More parks, ponds, unicycling, baking, kite-flying, drawing, eating, and swinging were in order. A few unicycling mishaps added some chaos, but the splendor of the cherry tree made up for it. Let's explain in pictures:
|Exploring the pond
|Trying to catch small fish in bottles. The boys in Kyrgyzstan made it look so easy.
|One of the elaborate tents the kids built for their games of House
|Pizza! Hamburger and pineapple.
|Pizza picnic with all the cousins.
|Guess what's for dessert?
|Now that's a s'more!
|Kites on the river bank.
|The fishing poles proved useful on multiple fronts - for fishing as well as kiting and even for retrieving a frisbee-aerobie that had disappeared over the neighbor's fence.
|My unicycling shadow
|Tanya and Misha
At this point, Tanya fell off her uni in such a way that she broke her 5th metacarpal. Most unfortunate! While she and I were at the doctor getting it x-rayed, Misha barreled head-first into one of the support-beams in their basement while practicing on his uni. Luckily, Aaron managed to bandage it up, saying there was no concussion and most likely no need for stitches. By the time we got home, Misha was asking me if he could unicycle again, but I told him we should wait until the blood stopped oozing out. These incidents were rather ironic, considering that we tell people all the time how safe unicycling is.
|The perfect flan.
|Weeding and admiring
|Hot dog picnic!
|Tanya doing well making s'mores despite turning into the Borg.
|Sebby at the fire pit!
|Aaron tests out his Muni, in work clothes no less.
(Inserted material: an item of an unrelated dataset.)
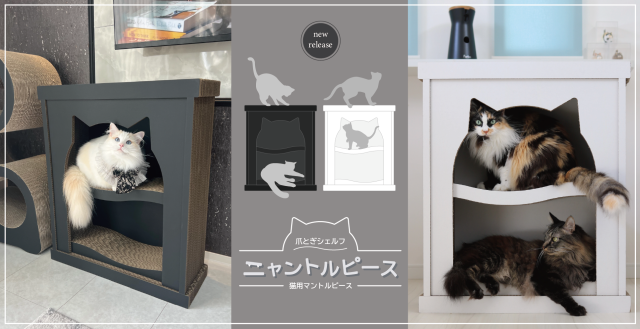ニャントル_ヘッダー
|Misha making major progress in riding by himself!
Considering he just got this small new uni in mid July, Misha was thrilled that two weeks later he could do this:
|When you get a push from Sebby, this is what happens.
|And when you get a push from Aaron, this is what you get.
The cherry tree provided us with the perfect day. We had noticed that Tanya's elderly neighbor had a solitary, beautiful cherry tree in her front yard with vibrant fruit that no one had shown an interest in picking. So we asked her, might we pick them? When, to our delight, she agreed, we gave each kid a bucket, and Tanya and I joined in to pick the high-up cherries. They were perfectly ripe, so shiny and red it left one wondering if they were even real. Since it was just one tree, we had it picked clean fairly quickly. Onto the pitting, which left pools of dark juice on plates, hands, and tables. And then ... onto the baking!
Then all too soon it was off to Brookings for a final weekend before flying back to Houston!